My guess is that your campaign will not resolve your issue to your satisfaction. Unless they already planned for it to change, it would be a long road to updating in the code.

You have a few options right now, which you probably will not like. 

1) Switch the locations of the mini and the host. 2) Sell the Mini and get a used premiere with lifetime instead. 3) Use the android app for music instead- record a bunch and then let it play.


----------



## fcfc2 (Feb 19, 2015)

samccfl99 said:


> Now finally I get to you, the only Negative Nancy in this thread so far. Before I start, I apologize for seeming to be nasty...
> 
> Are you a programmer? Because I have been in IT for over 25 years and have been a programmer, systems analyst, QA person, Project Manger, etc in the financial end of the business WHERE MISTAKES CANNOT BE MADE. What makes you think this would be hard to program? As it was stated by someone else, it did used to be 90 minutes and people obviously complained and they changed the VALUE. Yes it is a simple parameter in the code to change this.
> 
> ...


Hi,
Very sorry to be a "negative Nancy" or to possibly offend you in any way, if I did, I apologize for my ignorance. I am not a programmer and just have a layman's understanding of such things. My "space" issue is based on my understanding of the limits of some devices, routers for example which had different amounts of memory available for various firmwares etc. I have seen these comments for other types of devices also like media players. I have also often seen comments regarding the "bloating" of various software releases with newer versions and newer "features". 
Apparently from what you say I guess this "bloating" is simply the result of poorly written code and because this phenomenon is so common, I have to assume that the majority of programmers are not as skilled as you are.
I also made the assumption that the primary purpose of the Tivo was to act as a DVR and to that end, the more available tuners, the better to perform that primary function. The introduction of a "feature" to disable the mini's "tuner time out" would seam to work against the primary function of the DVR. However, if it is as easy to program a selectable and variable time out feature as you indicate, I think you have every right to complain. 
At any rate, you have my reasoning and apology, I hope you find a way to listen to your music all night long. Have a great day.


----------



## samccfl99 (Sep 7, 2013)

fcfc2 said:


> Hi,
> Very sorry to be a "negative Nancy" or to possibly offend you in any way, if I did, I apologize for my ignorance. Have a great day.

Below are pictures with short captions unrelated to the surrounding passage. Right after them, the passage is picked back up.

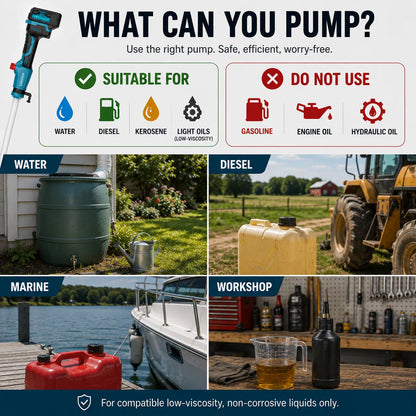 Cordless Portable Water Transfer Pump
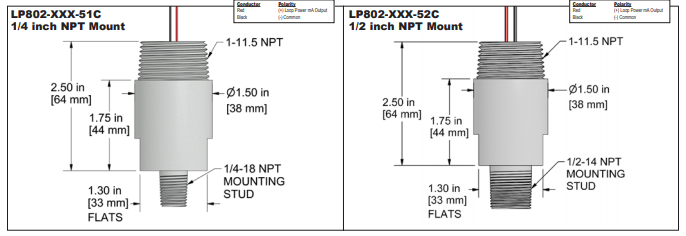 LP802 XXX 5XC k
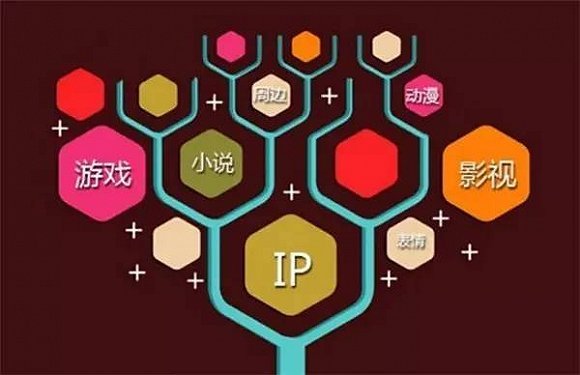 游戏获得版号后多久公测_游戏如何获取版号_获取版号游戏有风险吗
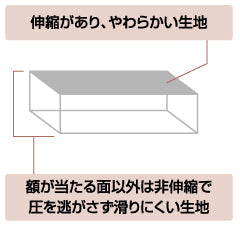 パウダービーズ®  額枕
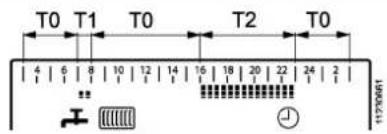 T0 T1 T0 T2 T0 4 6 8 10 12 14 16 18 20 22 24 2 1170061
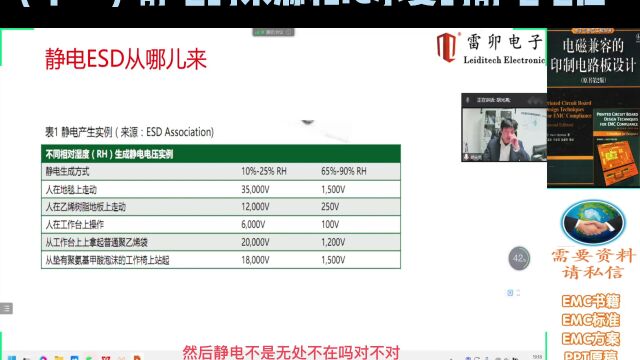 (十一)静电的来源和IC承受的静电电压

And I also apologize to you for my little rant. It just sounded like you thought you knew about such things. See, I am really a nice guy. You have a great day too and enjoy your Tivo as I usually do...


----------



## samccfl99 (Sep 7, 2013)

jrtroo said:


> My guess is that your campaign will not resolve your issue to your satisfaction. Unless they already planned for it to change, it would be a long road to updating in the code.
> 
> You have a few options right now, which you probably will not like.
> 
> 1) Switch the locations of the mini and the host. 2) Sell the Mini and get a used premiere with lifetime instead. 3) Use the android app for music instead- record a bunch and then let it play.


Well thank you for that nice informative post. You probably are not the one who insists on good grammar, but I did try. Option one will not happen. Option 2 sounds interesting, wish I knew that. Of course when they gave me the great deal on the RP, they made me trade the XL4 in. I would think it belongs in a chipper it was so slow I could not even run it in HD mode. Option 3 sounds interesting, I did not know that, I will have to investigate it.

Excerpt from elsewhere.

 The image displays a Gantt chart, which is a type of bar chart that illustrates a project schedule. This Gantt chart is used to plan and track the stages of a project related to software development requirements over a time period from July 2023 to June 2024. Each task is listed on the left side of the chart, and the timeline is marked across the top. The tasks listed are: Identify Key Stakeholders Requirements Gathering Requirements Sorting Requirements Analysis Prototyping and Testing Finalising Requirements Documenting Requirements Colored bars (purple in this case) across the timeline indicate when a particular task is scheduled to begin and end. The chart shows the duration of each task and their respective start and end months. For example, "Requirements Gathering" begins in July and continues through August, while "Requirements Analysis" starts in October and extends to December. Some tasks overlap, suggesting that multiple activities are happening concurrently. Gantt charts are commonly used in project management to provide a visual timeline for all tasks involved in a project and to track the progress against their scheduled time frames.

I did try to Telnet into the Mini and it would not respond to the open command. The RP did just fine. It opened and I sent it the IRCODE LIVETV command it it changed the tuner on that. Very neat. Of course as I said, the Mini did not even respond to the open command. So I just got off the phone with an L2 agent, who obviously knows me and I know him and he asked an "engineer" there in the support center in CO and they were not sure. So he is going to open a case to L3, those people in lala land in CA, to ask them if that port can be opened on the mini and also if they can change the value from 4 hours to 8. THEY NEED TO DO SOMETHING. HA. I KNOW HOW THAT WORKS...LOL.

So there you have it. If you would like to respond with some info on option 3, that would be nice if you have the time. Again thank you for the reply. *Have a great day!*


----------



## L David Matheny (Jan 29, 2011)

fcfc2 said:


> My "space" issue is based on my understanding of the limits of some devices, routers for example which had different amounts of memory available for various firmwares etc. I have seen these comments for other types of devices also like media players. I have also often seen comments regarding the "bloating" of various software releases with newer versions and newer "features".
> Apparently from what you say I guess this "bloating" is simply the result of poorly written code and because this phenomenon is so common, I have to assume that the majority of programmers are not as skilled as you are.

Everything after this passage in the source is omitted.